Off to the side there was a trailer
with music coming out of the side. Some were listening.
That woman was somehow very funny
and quite good. I wasn't ready to sit down so I wandered on. Just
enjoyed people watching and stuff like that for a while.
Before long the Native-Americans did
some sort of blessing ceremony to consecrate everything about the
evening and everyone involved with it.
Then Peggy Young gave some history
about the Bridge School. They'd started it as a way to help
special needs kids find the help they need to learn how to make it
on their own in this world. They have grown a lot since the
beginning, fifteen years ago. She reeled of a long but quick list
of thank you messages. Then she introduced Neil Young.
Yup. Watching good live music with
20,000 of my closest friends.
This band is named Spoon. One of
their songs is a big hit. They played it and I recognized it
immediately. Didn't know their other stuff but it was fine.
St. Vincent is simply a looker.
Sounded good to, but not stuff I was familiar with at all.
Gary Clark Jr. has a great blues
sound, but the issues aired out in the songs just left me feeling
disconnected.
Somewhere in there they raffled off
the tee pee I'd seen wandering around just after they opened the
gates.
It was a treat to listen to this
guy. Worth the price of admission for sure.
Sheryl Crow started her set with "A
Change would do you good!"
She made a comment that felt like
"Wow! I'm sitting at Neil Young's piano for this one." Then she
played another song I've heard on the radio many times.
At another point in her set the Dixie Chicks came out to help with
a song.
The Dixie Chicks were the ones I'd
really wanted to see with my own eyes. Back in the second Bush era
there was a time when we really needed someone to speak up. It was
one of those "It's so much more real when you're quoting real
people in the struggle now whose names are public footballs" kind
of thing. Singing in London at the Bush Theater, the lead singer
had said "I'm ashamed of President Bush" or words to that effect.
It was enough to make the name "DIXIE CHICKS" a hot potato.
Overnight they went from being a top Country act to every
mainstream liberals darling. Conservative talk radio hosts
vilified them into retirement. They had a rough few years.

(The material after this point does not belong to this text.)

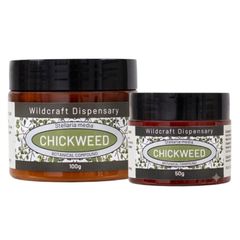 Wildcraft Dispensary Chickweed Natural Ointment 50g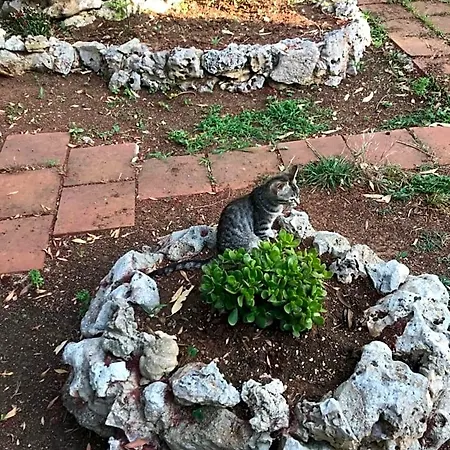 לינה וארוחת בוקר La Casa Di Sergio ברינדיזי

I think this is very early in their return tour. A year or so ago
I saw an article in which the woman said "I said that because I
was reading in the British press that President Bush was speaking
for all Americans and it just wasn't true." Thank you Dixie
Chicks!
It was an honor to see them with my
own eyes.
Several of the songs Neil Young sang
amounted to prayers for mother earth. A great note to go home on.